*** INFORMATION PROVIDED ***
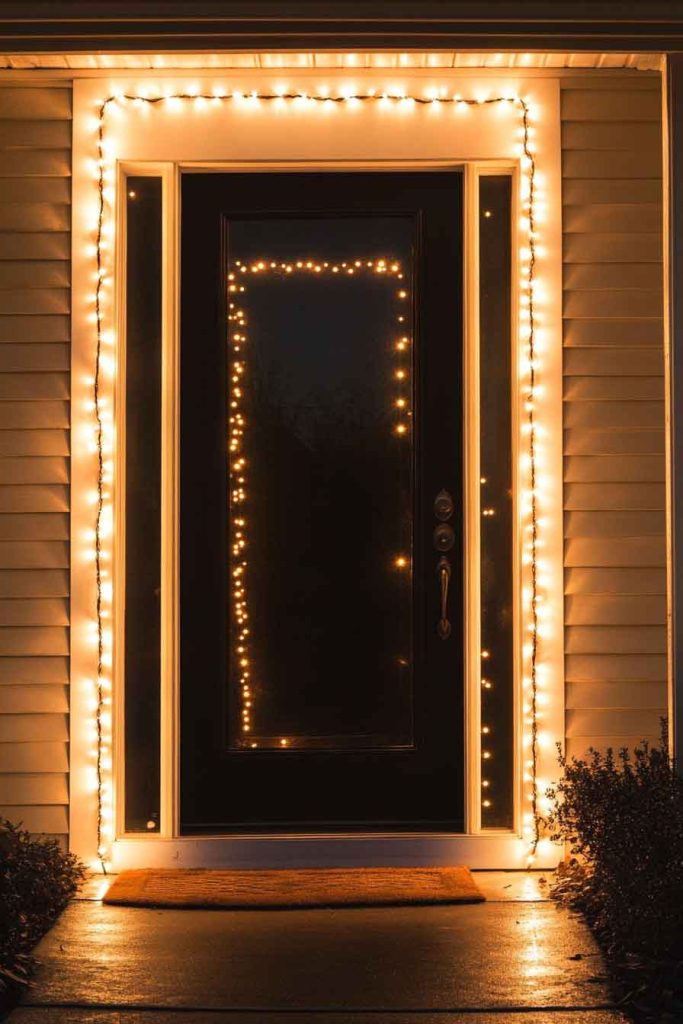 Statement String Light Door Frame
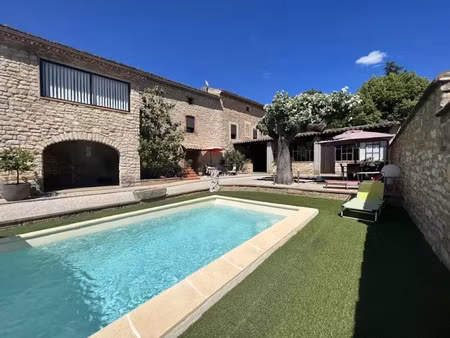 vente maison 5 pièces 140 m² à rochegude (30430)  495 000 €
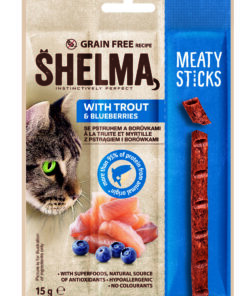 Shelma forelli ja mustikaga pulgad kassidele  15g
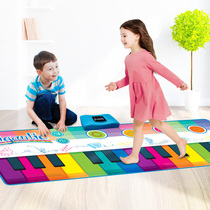 Childrens pedal keyboard dance blanket Baby foot piano blanket for boys and girls early education puzzle music toy gift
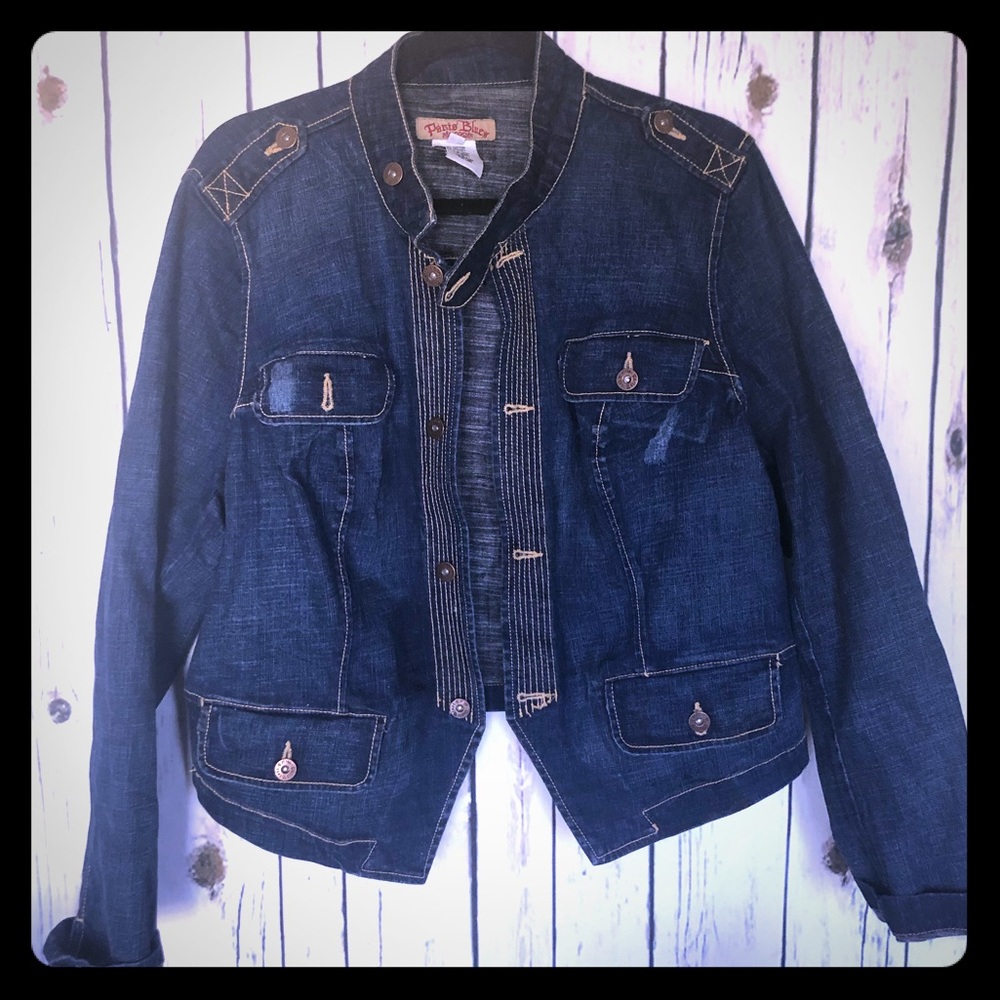 Paris Blues + Torrid Military Jean Jacket Plus 2X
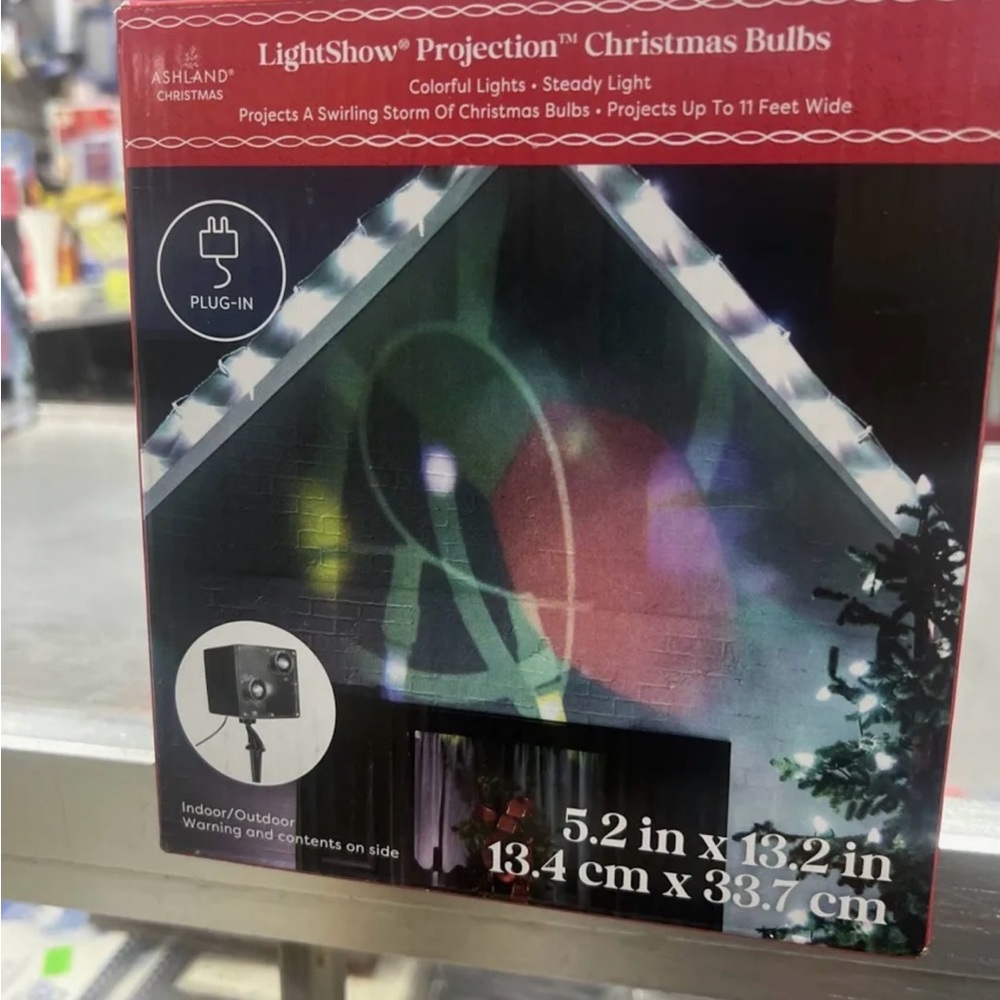 New Ashland light show projection Christmas light display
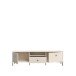 Lowboard >SALVATRICE< 2 Türen, 1 Schub, 1 Fach, in sand - 168,4x48x41,5cm (B/H/T)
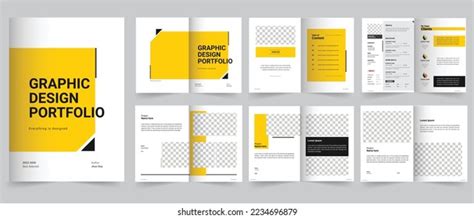 Graphic Design Portfolio Design Template Stock Vector (Royalty Free) 2234696879 | Shutterstock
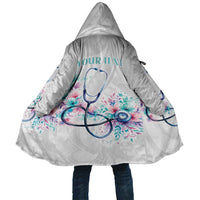 New Zealand Nurses RN Personalised Cloak Stethoscope Floral Maori Motif LT9 Unisex White - Polynesian Pride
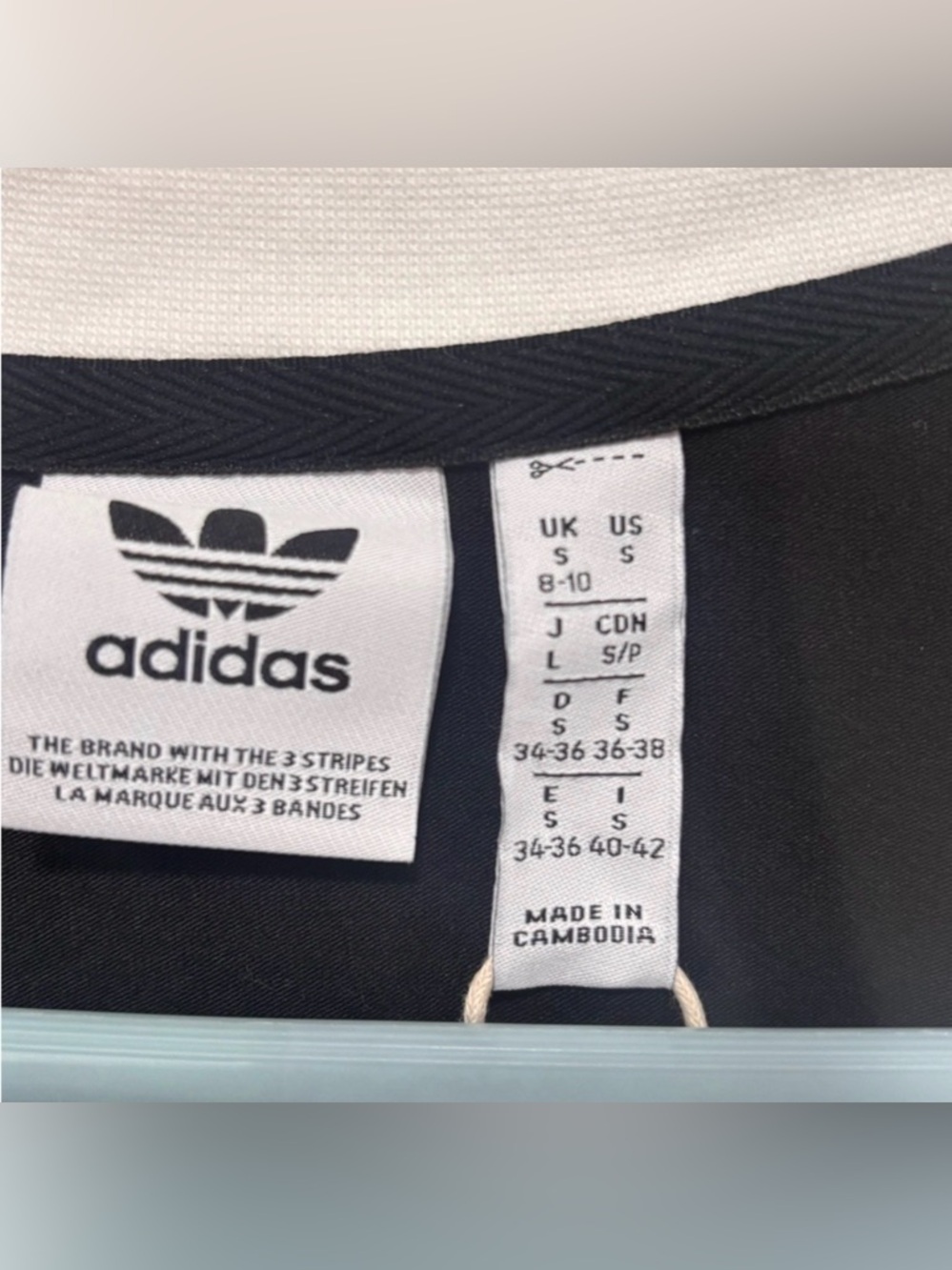 Adidas Black Maxi Dress with White Three-Stripe Trim. Sz S. PTP 16”. NWT - Picture 3 of 6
***
*HOW TO COMPLETE THIS TASK:*
Only exact repeats of the lines from the one containing "New Zealand Nurses" through the end of the listing above are wanted here; pictures are not.

*RESPONSE:*
 New Zealand Nurses RN Personalised Cloak Stethoscope Floral Maori Motif LT9 Unisex White - Polynesian Pride
 Adidas Black Maxi Dress with White Three-Stripe Trim. Sz S. PTP 16”. NWT - Picture 3 of 6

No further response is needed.